Ce sont donc ces dépêches d’informations factuelles, presque brutes – mais fiables - qui se retrouvent publiées telles quelles sur notre site Internet… et sur celui des autres médias. Parce que quasi toutes les rédactions belges sont clientes de Belga. "Clientes"… Belga est en effet une société privée. Sa particularité réside dans le fait que ses clients sont aussi ses actionnaires (à quelques exceptions près, dont la RTBF). Sophie Lejoly, à l’AJP, parle d’une "relation schizophrénique": "à la fois ses clients paient un abonnement, ils ont intérêt à ce que le prix soit le plus bas possible, et à la fois ils veulent que Belga fasse des bénéfices, puisqu’ils sont actionnaires".

Un filet de sécurité…

Ces dernières années, avec la multiplication des sources d’information gratuites (qui valent… ce qu’elles valent), nombreux sont les médias qui ont remis en question leur abonnement à Belga. Sophie Lejoly : "le problème est que les médias ne veulent pas payer beaucoup pour l’abonnement à Belga, alors dans leurs discours ils tentent de minimiser l’intérêt de Belga : au fond, est-ce vraiment essentiel ? Et d’ailleurs il y a quelques années des médias ont envisagé de s’en passer. Mais ils se sont rendu compte que ce n’est pas possible de se passer d’une source d’information comme celle-là. C’est le filet de sécurité pour ce qu’on n’a pas le temps de faire"… Un filet de sécurité, et tant qu’on y est, puisqu’on paie l’abonnement, autant publier leurs informations.

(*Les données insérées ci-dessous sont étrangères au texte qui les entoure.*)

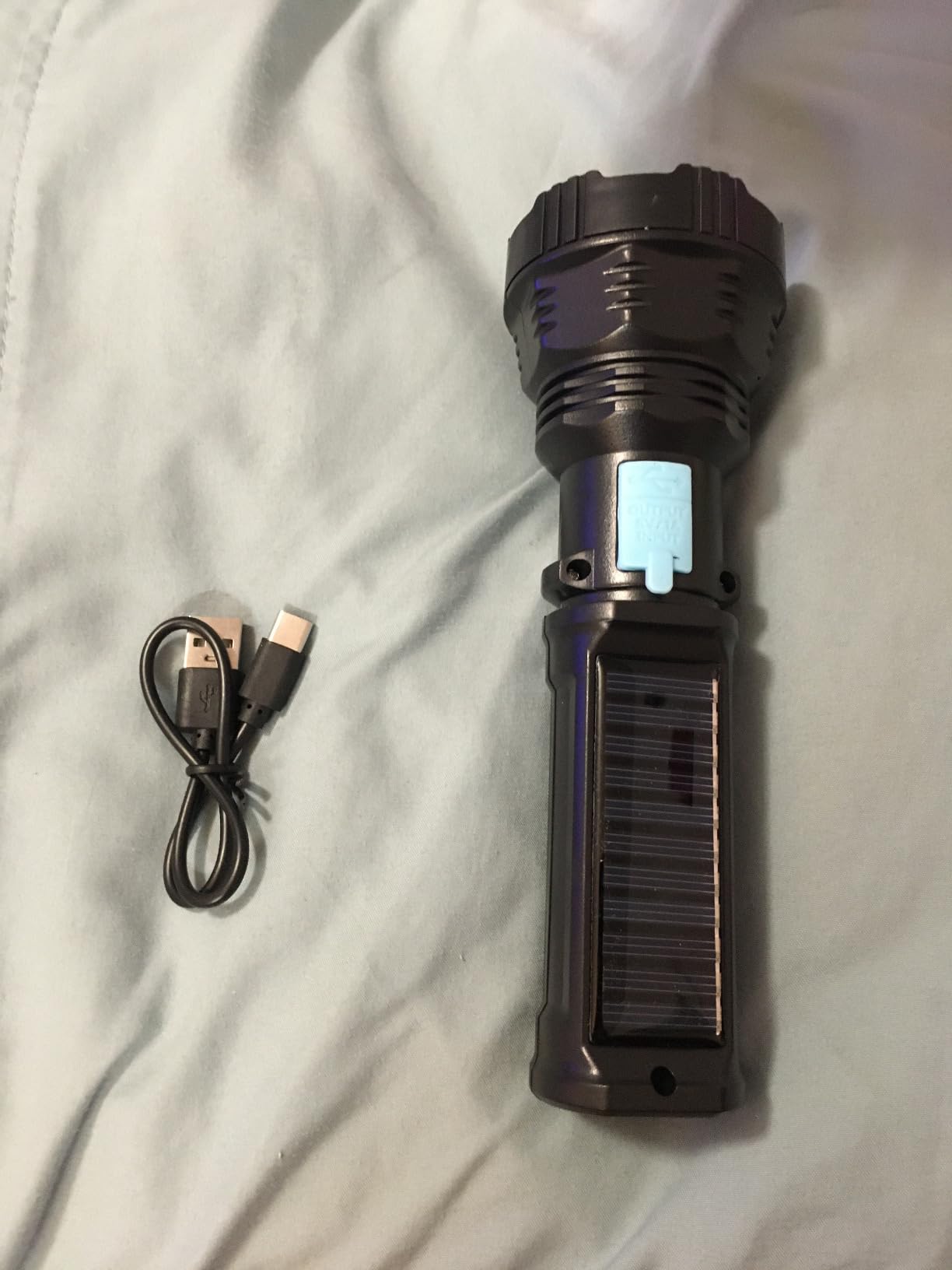 VOETIR Led Solar Flashlight, 1500 Lumens Led Solar Handheld Flashlights with IP65 Waterproof for Survival Emergencies Camping (2 Packs) customer photo 1
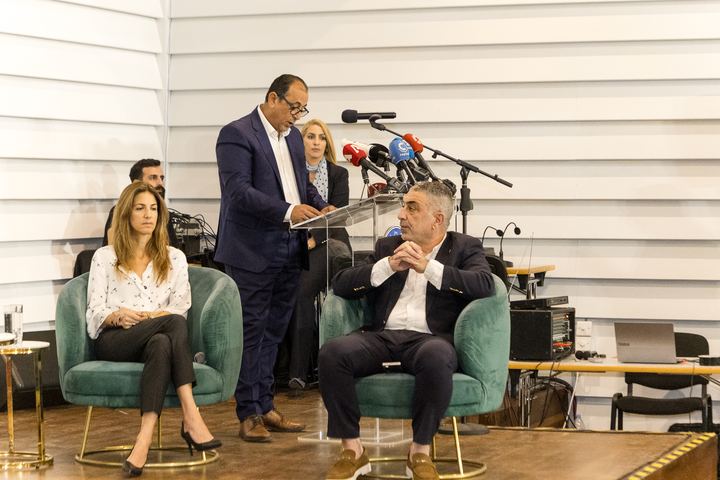 Χαιρετισμός στο βήμα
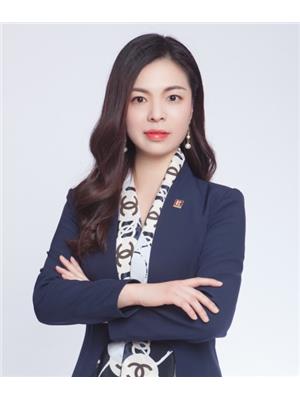 Vivian Tang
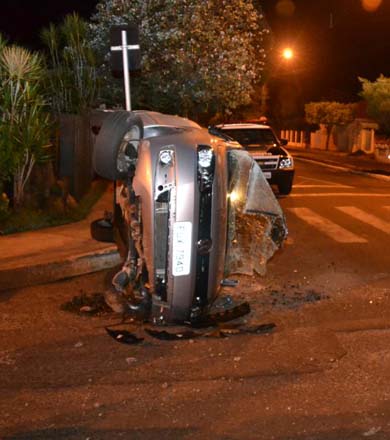 Carro capota após colidir contra canteiro da rotatória das avenidas Paraguaçu e Galdino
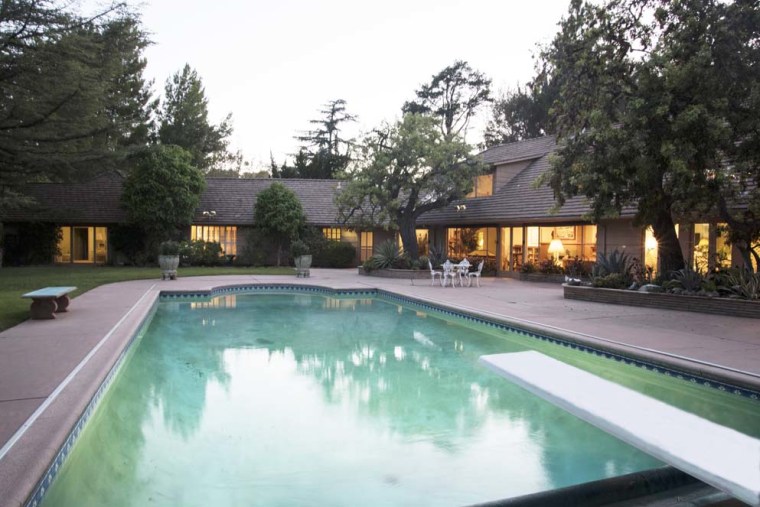 "Tonight Show" hosts Steve Allen's home hits the market.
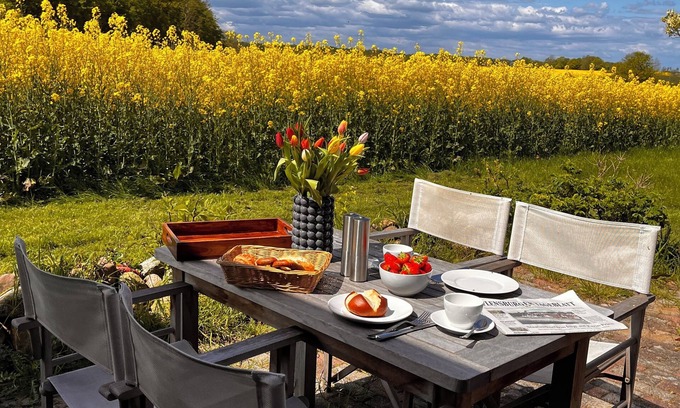 Steinbergkirche Casa | Captains Lodge - Badewanne, Dusche, Terrasse, Grill, Abgelegen und Strandnah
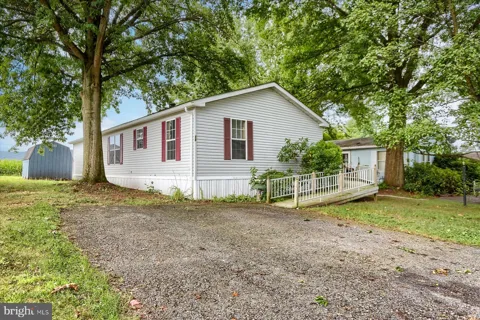 18 MIDLAND DRIVE
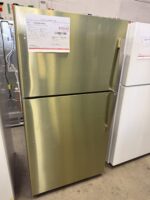 GE 21.9cu.ft. Garage Ready Top-Freezer Refrigerator - Image 2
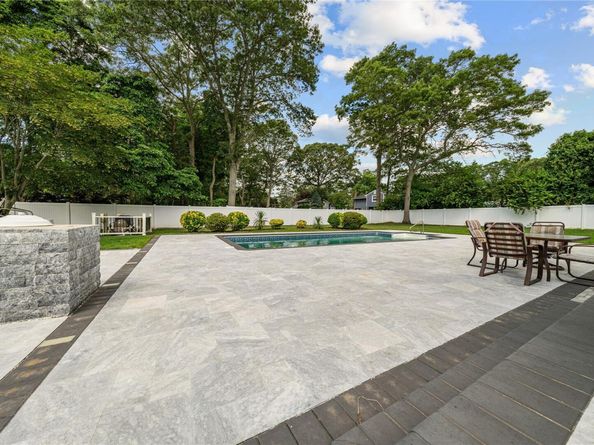 68 joyce Drive, Hauppauge NY 11788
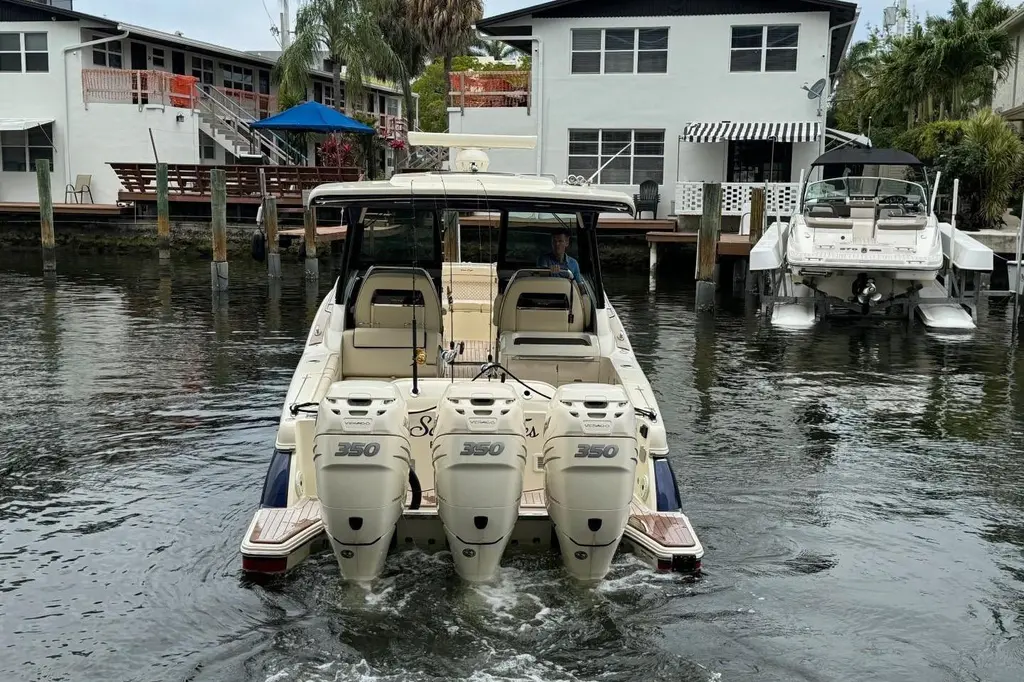 2022 Chris-Craft Calypso 35 Yacht For Sale in Fort Lauderdale FL 2022 Chris-Craft Calypso 35 Yacht For Sale in Fort Lauderdale FL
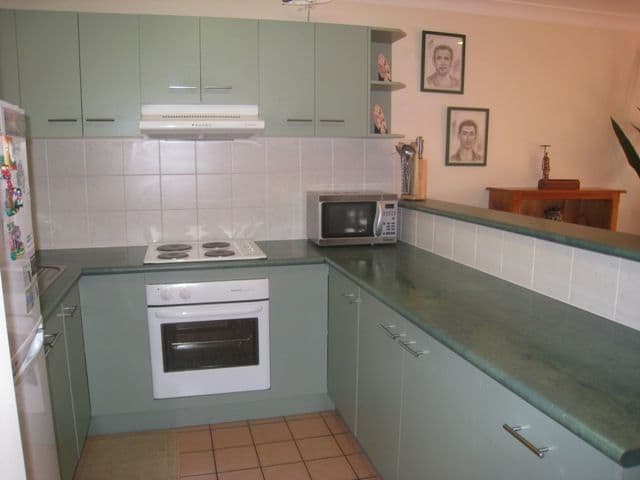 25  Cardross Street, YEERONGPILLY QLD 4105, Yeerongpilly - Thumbnail 4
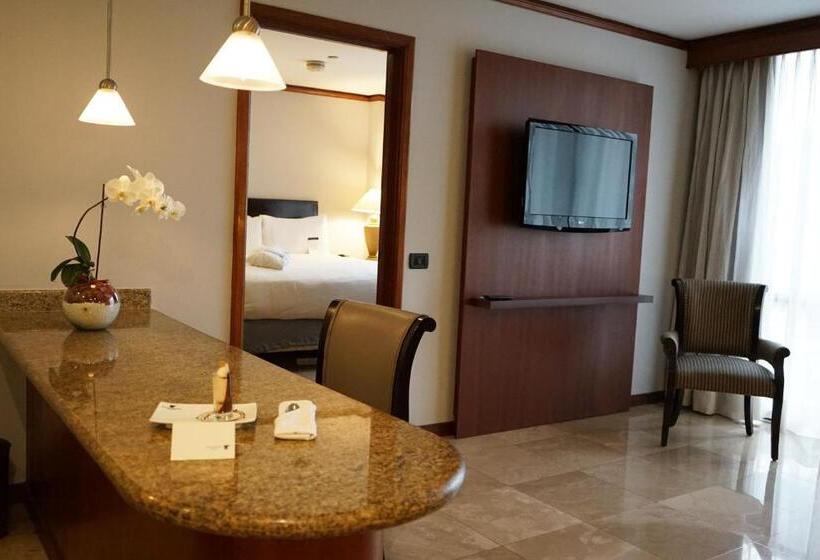 هتل Jw Marriott  Caracas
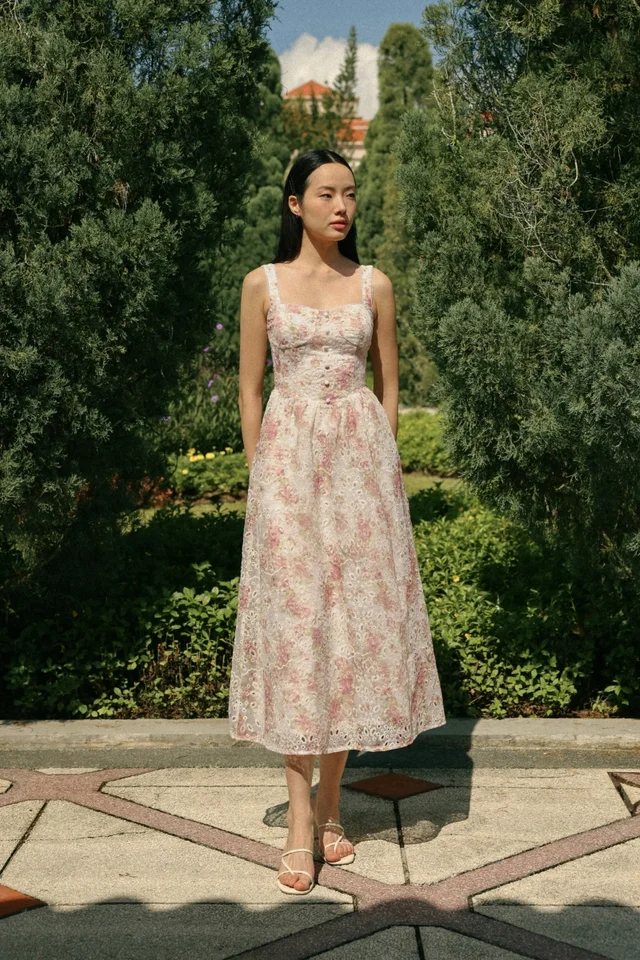 MEADOW PADDED FLORAL BRODERIE EYELET TRIM BUSTIER MIDAXI DRESS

… dont il est difficile de se passer

Il serait donc difficile de se passer de l’abonnement à l’agence de presse. Pourtant une rédaction s’y attelle actuellement. Ce n’est pas qu’elle veuille faire de la résistance et jouer au village gaulois : au contraire ! La toute jeune LN24, puisqu’il s’agit d’elle, a voulu s’abonner à Belga, mais à contrecœur, elle s’en est détournée en raison du prix qu’elle juge "exorbitant" pour un média débutant.

"C’est un handicap, admet le journaliste Joan Condijts, cofondateur du média d’information en continu, mais on a anticipé : on a passé l’été à contacter les cabinets et les divers services de presse pour organiser notre outil de centralisation. C’est en quelque sorte notre petite agence de presse à nous. Et puis les Belga sont disponibles un peu partout sur le web, on y a accès d’une certaine manière. Ça reste un inconfort parce qu’on ne peut pas en faire des copier-coller donc on est moins rapide que les autres médias. Mais on apprend à vivre avec". Cette nécessité d’être aussi rapide et aussi présent que le voisin, ça explique évidemment pourquoi régulièrement, on retrouve la même dépêche sur tous les sites de médias. Publier quelque chose, et tant pis si ce n’est pas l’info "maison".

De moins en moins de publications de dépêches

Pourtant, aujourd’hui, la tendance inverse commence à s’observer. "Dans un premier temps, explique Sophie Lejoly, puisque leurs sites étaient consultables gratuitement, les médias avaient tendance à les alimenter avec les dépêches Belga, d’autant qu’il y avait peu de journalistes formés au web. Cela a contribué à donner l’impression que l’info est la même partout. Aujourd’hui, on en revient un peu. Les médias se rendent compte que s’ils veulent faire payer l’info en ligne, ils ne peuvent pas proposer les dépêches d’agence. Ils en mettent, mais ils doivent aussi et surtout publier des articles maison".

D’ailleurs, la tendance s’observe à la RTBF. Thomas explique : "on aimerait être plus sélectif à l’avenir. Aujourd’hui, on noie encore un peu trop notre propre production dans un flux de 'Belga' d’intérêt plus secondaire. On voudrait publier moins de dépêches. Et quand on en sélectionne une, on se démarque en allant un pas plus loin, en l’enrichissant avec des réactions ou avec l’expertise d’un de nos journalistes".